Can we turn all those empty office buildings into housing?

Kepi P.R.O

Feb, 10th 2024

There’s a dream solution to America’s housing crisis and to its increasingly deserted downtowns: Convert the empty offices into homes.


Across the country, cities like New York, Boston and Cleveland are embracing the idea of residential retrofitting and providing incentives to do so. The Biden administration is easing the way with federal programs and tax breaks. Local leaders are accelerating changes to zoning and construction restrictions.


But will turning offices into homes actually work? And would you want to live in one?


Experts in housing, building, and urban planning say it may be difficult to convert office space to livable, likeable residential housing, but there’s an urgent reason they’re trying.


More office space is sitting empty in the United States than at any point since 1979, Moody’s Analytics reported earlier this week. It’s all a hangover from the Covid-19 pandemic; employees started working remotely and never came back in full force, creating “zombie towers.”

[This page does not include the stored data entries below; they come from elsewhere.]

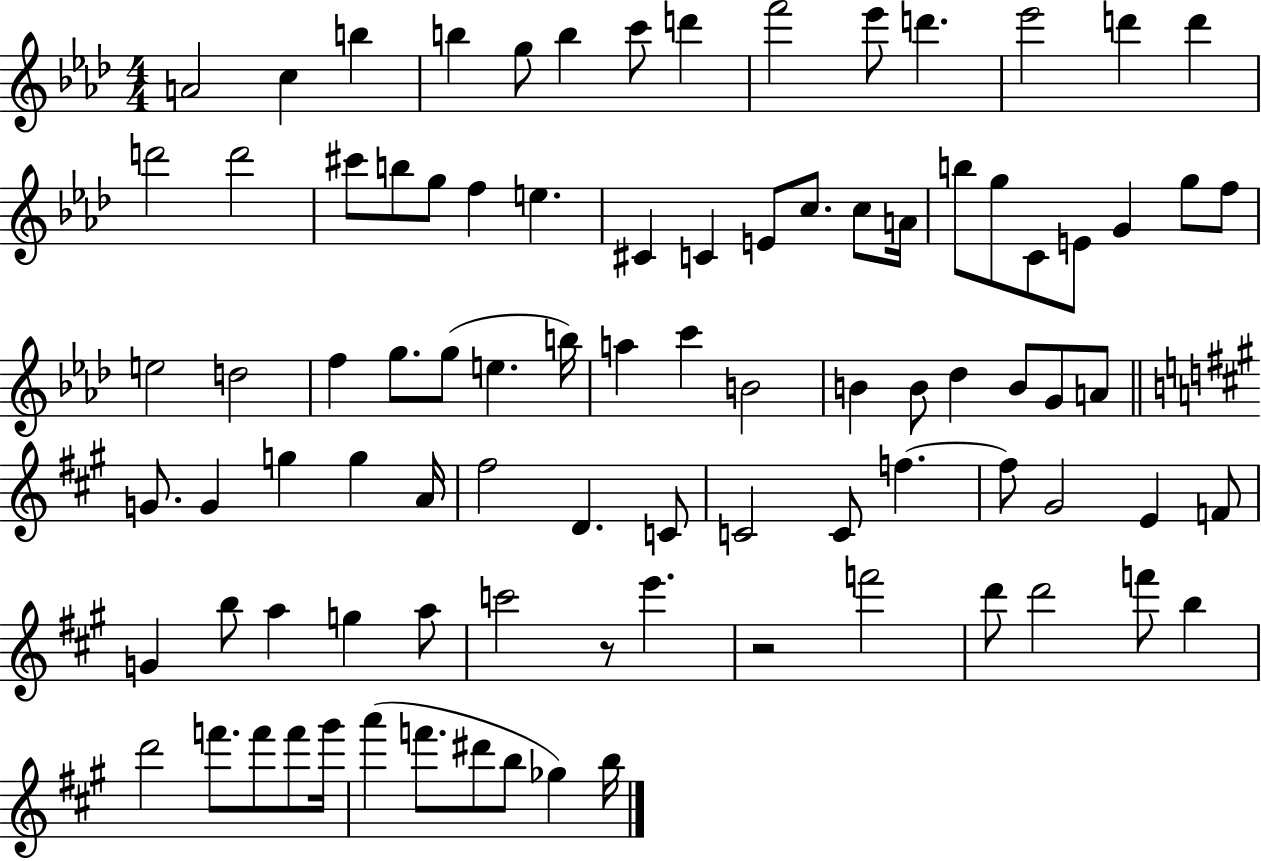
X:1
T:Untitled
M:4/4
L:1/4
K:Ab
A2 c b b g/2 b c'/2 d' f'2 _e'/2 d' _e'2 d' d' d'2 d'2 ^c'/2 b/2 g/2 f e ^C C E/2 c/2 c/2 A/4 b/2 g/2 C/2 E/2 G g/2 f/2 e2 d2 f g/2 g/2 e b/4 a c' B2 B B/2 _d B/2 G/2 A/2 G/2 G g g A/4 ^f2 D C/2 C2 C/2 f f/2 ^G2 E F/2 G b/2 a g a/2 c'2 z/2 e' z2 f'2 d'/2 d'2 f'/2 b d'2 f'/2 f'/2 f'/2 ^g'/4 a' f'/2 ^d'/2 b/2 _g b/4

Meanwhile, the US has lagged behind by about 5.5 million housing units over the past 20 years, according to the National Association of Realtors, as builders failed to keep up with housing needs.


So can we just convert the excess offices into needed apartments?


“If only it were so easy,” said Harold Bordwin, principal and co-president of Keen-Summit Capital Partners, which handles commercial real estate restructurings. “Unfortunately, there are a whole range of hurdles.”


There’s no formula or scalable model for turning an office into a home, said Brett Theodos, a senior fellow with the Metropolitan Housing and Communities Policy Center, part of the Urban Institute. “Every project has to reinvent the wheel,” he said, calling it “much harder than building from scratch.”